Here we boost the macro F1 from 0.80 to 0.87 (by 8.75%).
So for the smallest model, we get the strongest relative gain from using few-shot exemplars.

## Similarity-based exemplar selection 

In [None]:
import pandas as pd
from sentence_transformers import SentenceTransformer
from sklearn.metrics.pairwise import cosine_similarity

embedder = SentenceTransformer('all-mpnet-base-v2')

In [None]:
def select_exemplars_by_similarity(text, embeddings, labels, k=3):
    """
    Select the top-k most similar exemplars for each class based on cosine similarity.
    """
    # embed the input text
    text_embedding = embedder.encode(text)
    # compute cosine similarities
    similarities = cosine_similarity([text_embedding], embeddings)[0]
    # put similarities and labels in a DataFrame
    out = pd.Series(similarities).to_frame('similarity')
    out['label'] = labels
    # select top-k exemplars per class
    out = out.groupby('label')['similarity'].apply(lambda x: x.nlargest(k)).reset_index(level=0, drop=True)
    # reshuffle
    out = out.sample(frac=1.0, random_state=42)
    # return the indices of the selected exemplars
    return out.index.tolist()

# pre-compute embeddings for all available exemplars (i.e., those not in the set of input texts to classify)
exemplars = df[~df.uid.isin(inputs.uid)].reset_index(drop=True)
exemplar_embeddings = embedder.encode(exemplars.text.to_list())

n_exemplars = 3
exemplars_by_text = []
# iterate over all texts to select the most similar exemplars for each text
for text in tqdm(texts, desc="Selecting exemplars by similarity"):
    idxs = select_exemplars_by_similarity(text, exemplar_embeddings, exemplars.label, k=n_exemplars)
    exs = exemplars.iloc[idxs]
    exemplars_by_text.append(get_exemplar_messages(exs))

In [None]:
# classify all texts using similarity-based exemplar selection
classifications_gemma3_4b_sim = []
for text, exs in tqdm(zip(texts, exemplars_by_text), total=len(texts)):
    pred = classify_text(text, instructions, exs, model=MODEL)
    classifications_gemma3_4b_sim.append(pred)

In [None]:
cr = classification_report(
    y_true=inputs.label,
    y_pred=classifications_gemma3_4b_sim,
)
print(cr)

The macro F1 doesn't change but the performance across label classes becomes more balanced

## Inter-LLM agreement?

What if we consider the different LLM's classifications as annotations?
Then we compute see the degree of their inter-annotator agreement (ICA).

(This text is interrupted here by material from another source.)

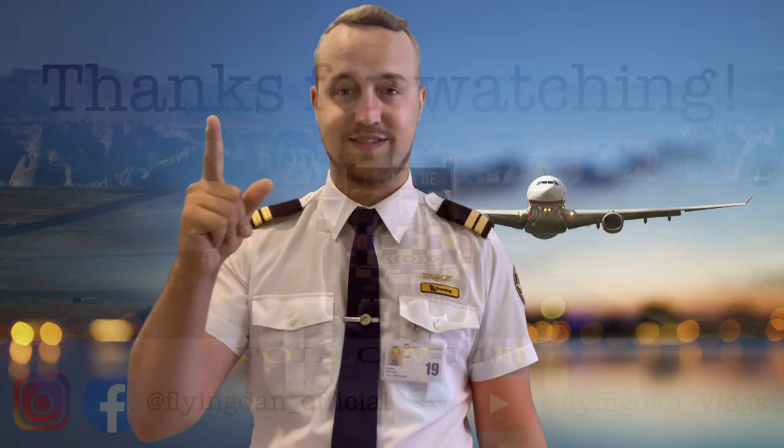I hope you liked the video and I could give you some information about what you can expect from your VFR training. If you didn't subscribe, subscribe to my channel, and see you in the next video on the next Wednesday.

This is equivalent to what we did in the [notebook](../annotation/compute_ica_pledge_classification.ipynb) on computing ICA in our policy pledge codings

In [None]:
import pandas as pd
from krippendorff import alpha

tmp = pd.DataFrame({
    'gpt4o': classifications_gpt4o,
    'gemma3_4b': classifications_gemma3_4b,
    'llama3_70b': classifications_llama3_70b,
    'deepseekR1': classifications_deepseekR1,
})

label2id = {
    'economic': 0,
    'social': 1,
    'neither': 2,
}

tmp = tmp.apply(lambda x: x.map(label2id))
alpha(tmp.T.values, level_of_measurement='nominal')

😳 This is a very strong agreement and about 10% higher than the agreemet between LLMs' zero-shot classifications.